Como ven, después de todo, los minerales presentes en pequeñas cantidades tampoco son tan escasos. Una ameba contiene miles de millones de átomos, y una célula del cuerpo humano, millones de éstos. Hasta las bacterias más grandes contienen miles de ellos.
Pero las bacterias más pequeñas sólo tienen un par de docenas de estos átomos, y esto concuerda con mi anterior conclusión que las bacterias más pequeñas pueden tener una media de 25 enzimas que intervienen en cada reacción.
El cobalto y el molibdeno (y los otros metales presentes en pequeñas cantidades) resultan esenciales, porque son claves para importantes enzimas. Suponiendo que haya un átomo por cada molécula enzimática, en total sólo hay un par de docenas de estas moléculas en la bacteria más pequeña.
Aquí es posible que nos parezca que nos acercamos al límite mínimo. Es poco probable que el número de enzimas diferentes esté distribuido regularmente. En algunos casos habrá más de un par de docenas, y en otros menos. Es posible que sólo estén presentes uno o dos enzimas clave determinados. Para una célula con un volumen de menos de 0,02 micras cúbicas, las probabilidades que algunas enzimas clave sean empujadas fuera de ésta son cada vez mayores; de ocurrir esto, la célula dejaría de crecer y de multiplicarse.
Por tanto, resulta razonable suponer que la bacteria más pequeña visible con ayuda de un buen microscopio óptico es verdaderamente la porción más pequeña de materia en la que es posible introducir todos los procesos característicos de la vida. Visto de esta manera, esta bacteria representa el límite de compacidad en lo que se refiere a los organismos vivos.
Pero, ¿y los organismos que son aún más pequeños que la más pequeña bacteria y que, al carecer de algún enzima o enzimas esenciales, no crecen ni se desarrollan en condiciones normales? ¿Podemos considerarlos como organismos completamente inertes por el hecho que no tienen una vida autónoma?
Antes de responder, tengamos en cuenta que esos pequeños organismos (que podemos llamar subcélulas) siguen siendo potencialmente capaces de crecer y multiplicarse. Esta potencialidad puede traducirse en hechos si les proporcionamos la enzima o enzimas necesarias para ello, y éstos sólo pueden proceder de una célula viva completa.
Por tanto, una subcélula es un organismo que tiene la capacidad de invadir una célula para crecer y multiplicarse en su interior, utilizando la dotación enzimática de ésta para suplir sus deficiencias.
Las subcélulas más grandes que existen son las rickettsias, que toman su nombre de un patólogo americano, Howard Taylor Ricketts, quien en 1909 descubrió que los insectos eran los agentes transmisores del tifus exantemático de las montañas Rocosas, enfermedad producida por estas subcélulas.

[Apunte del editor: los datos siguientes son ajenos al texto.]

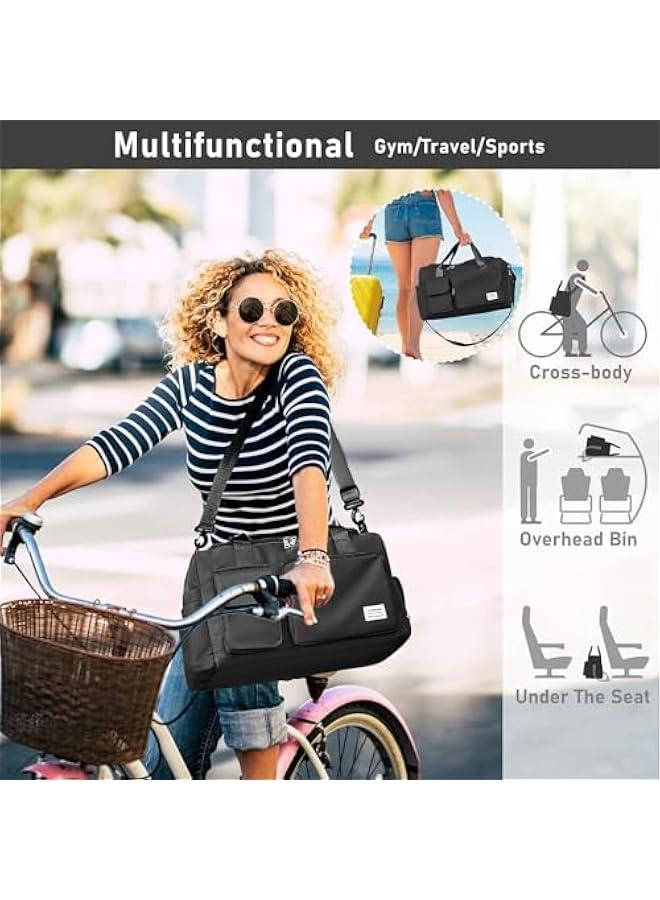 HOOKOR Waterproof Travel Duffle Bag Carry On Weekender Bag with Shoe Compartment & Wet Pocket, Gym Tote Bag for Travel, Workout, Sport (Black) - Image 5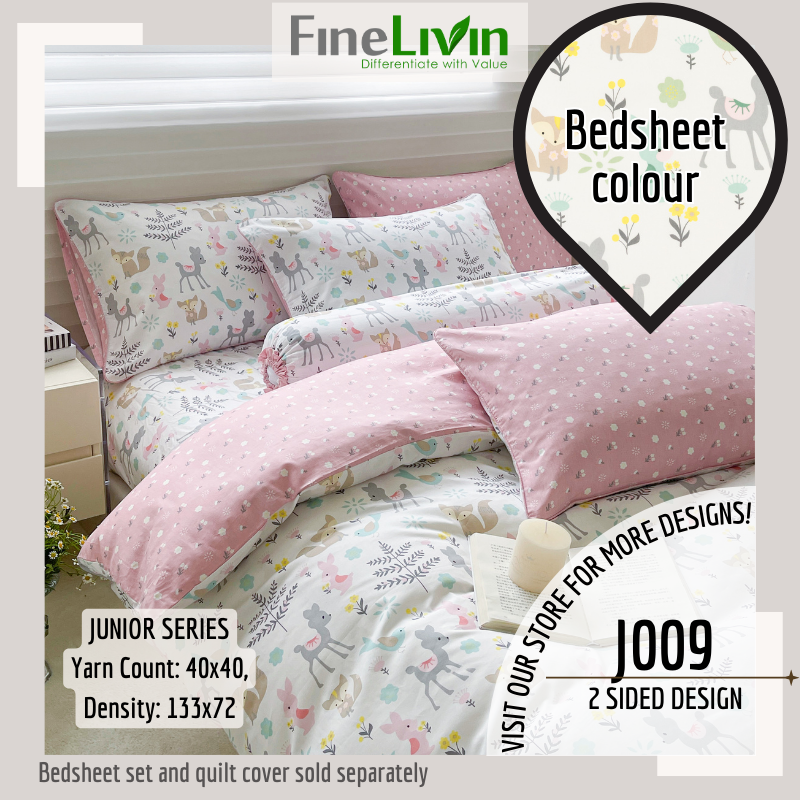 FineLivin Single / Super Single Pure Cotton Fitted Bedsheet Set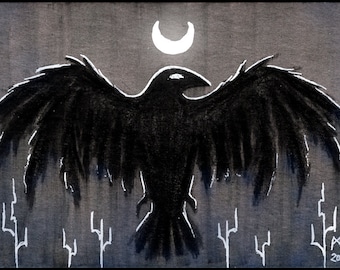 Night Crow ORIGINAL ACEO Miniature corvid art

Murió al año siguiente de fiebre tifoidea, de la que se había contagiado en el curso de sus investigaciones sobre esta enfermedad, que también transmiten algunos insectos. Tenía treinta y nueve años, y la recompensa que obtuvo por sacrificar su vida por el bien del género humano fue, como ya pueden imaginarse, el olvido.
Las rickettsias más pequeñas se confunden con los virus (no hay una divisoria claramente marcada), y los más pequeños de entre éstos sobrepasan el tamaño de los genes, que se encuentran en el núcleo de las células y que llevan en su estructura información genética parecida a la de los virus.
Para seguir hablando de estas subcélulas, vamos a dejar de utilizar la micra cúbica como unidad de volumen, porque de no hacerlo tendríamos que trabajar con decimales pequeñísimos. En su lugar utilizaremos la milimicra cúbica. Una milimicra es la milésima parte de una micra.
Por tanto, una milimicra cúbica es 1/1.000 por 1/1.000 por 1/1.000, o una milmillonésima parte de una micra cúbica. En otras palabras, el volumen de la bacteria más pequeña, 0,02 micras cúbicas, es igual a 20.000.000 milimicras cúbicas. Ahora podemos presentar una tabla de volúmenes de las subcélulas:

Subcélulas Volumen (milimicra 3 )
Rickettsia de la fiebre tifoidea
Virus de la viruela (vacuna)
Virus de la gripe
Bacteriófagas
Virus del mosaico del tabaco
Gen
Virus de la fiebre amarilla
Virus de la pezuña del caballo
54.000.000
5.600.000
800.000
520.000
50.000
40.000
5.600
700

Las subcélulas presentan grandes diferencias de volumen. La rickettsia más grande es tres veces mayor que la bacteria más pequeña. (No es sólo el tamaño el que determina la condición de subcélula, sino la ausencia de al menos un enzima esencial.) Por otra parte, la subcélula más pequeña tiene un tamaño de sólo 1/3.500 del de la bacteria más pequeña. La relación de tamaños entre la subcélula más grande y la más pequeña es la misma que hay entre la ballena más grande y un perro de tamaño medio.
A medida que bajamos por la escala de subcélulas, disminuye el número de moléculas. Naturalmente, las macromoléculas de nitrógeno-fósforo no desaparecen por completo, ya que la vida, aunque sólo sea una lejana posibilidad de vida, es imposible sin ellas (al menos la forma de vida que conocemos). Las subcélulas más pequeñas están formadas únicamente por una pequeñísima cantidad de estas macromoléculas, sólo por los elementos imprescindibles para la vida, sin ningún elemento superfluo, por decirlo así.
Sin embargo, el número de átomos sigue siendo bastante considerable. Una milimicra cúbica es capaz de contener varios cientos de átomos si se agrupan con el mayor grado de compacidad posible, lo que desde luego no ocurre en los tejidos vivos.
Así, el virus del mosaico del tabaco tiene un peso molecular de 40.000.000, y los átomos de los tejidos vivos tienen un peso molecular medio de 8 aproximadamente.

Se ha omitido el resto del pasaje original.